Nayakanti SR, Friedrich A, Sarode P, Jafari L, Maroli G, Boehm M, Bourgeois A, Grobs Y, Khassafi F, Kuenne C, Guenther S, Dabral S, Wilhelm J, Weiss A, Wietelmann A, Kojonazarov B, Janssen W, Looso M, de Man F, Provencher S, Tello K, Seeger W, Bonnet S, Savai R, Schermuly RT, Pullamsetti SS.

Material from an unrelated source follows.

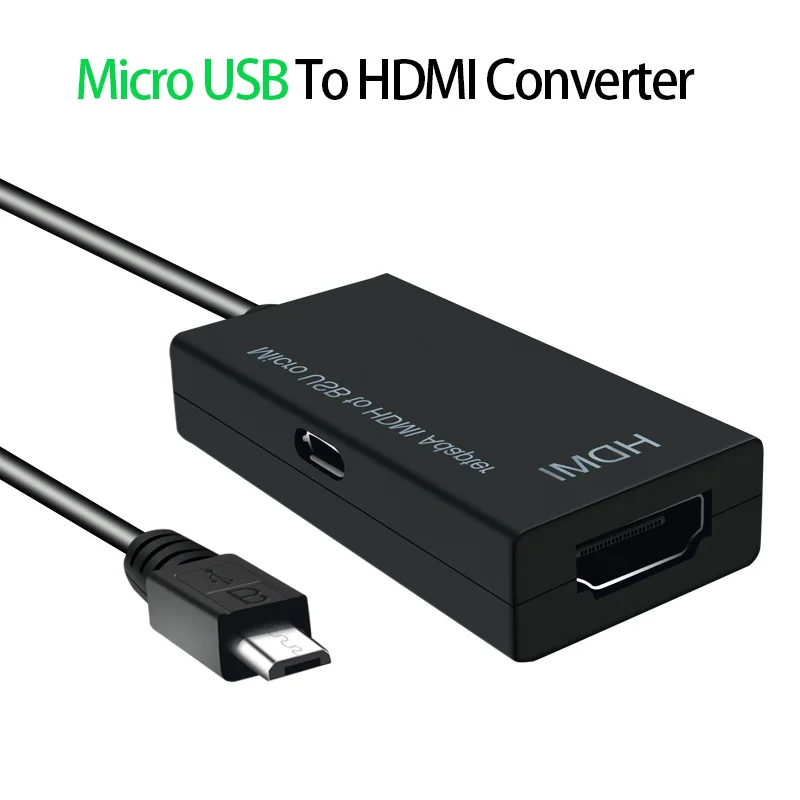 Адаптер 2 в 1 с Micro USB на HDMI для ТВ монитора 1080P HD аудио видео кабель конвертер Samsung
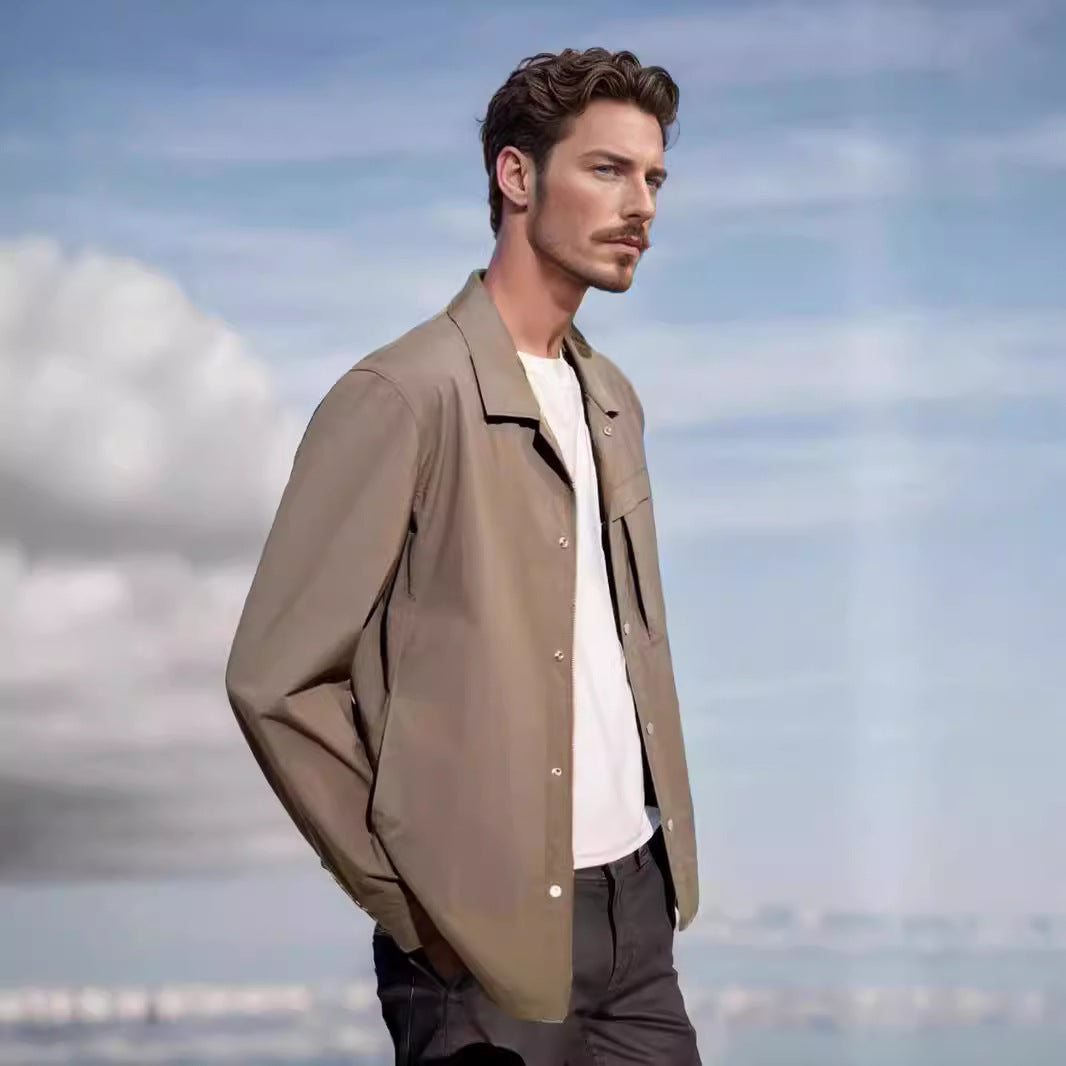 Herren technische Freizeitjacke mit praktischen Taschen und leichtem Material Aliams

The discovery of molecular pathways involved in right ventricle (RV) adaptation to pressure overload is of tremendous importance for the development of therapeutic strategies against pulmonary arterial hypertension (PAH). Here, by combining basic research and translational approaches, we provide evidence that the Wnt/β-catenin signaling is increased in cardiac fibroblasts upon RV pressure overload and represents a relevant pathway to be targeted in PAH. Activation of Wnt/β-catenin signaling was evident in mice and rats with pulmonary artery banding, a model of RV dysfunction independent from lung vascular remodeling, as well as in the monocrotaline rat model of PAH. Genetic inhibition of β-catenin or of the AP-1 factors FOSL1/2 in combination with WNT3A stimulation significantly regulated collagen synthesis and other remodeling genes in cardiac fibroblasts. Increased substrate stiffness induced the phenotypic switch of cardiac fibroblasts, as well as activation of the Wnt/β-catenin pathway. Importantly, pharmacological inhibition of Wnt using the PORCN inhibitor LGK-974 attenuated fibrosis and cardiac hypertrophy leading to improved RV function in both pulmonary artery banding and monocrotaline models of RV overload. In conclusion, this study highlights the role of Wnt signaling in RV remodeling and the potential therapeutic strategies offered by Wnt inhibition in patients with PAH with deteriorating right heart function.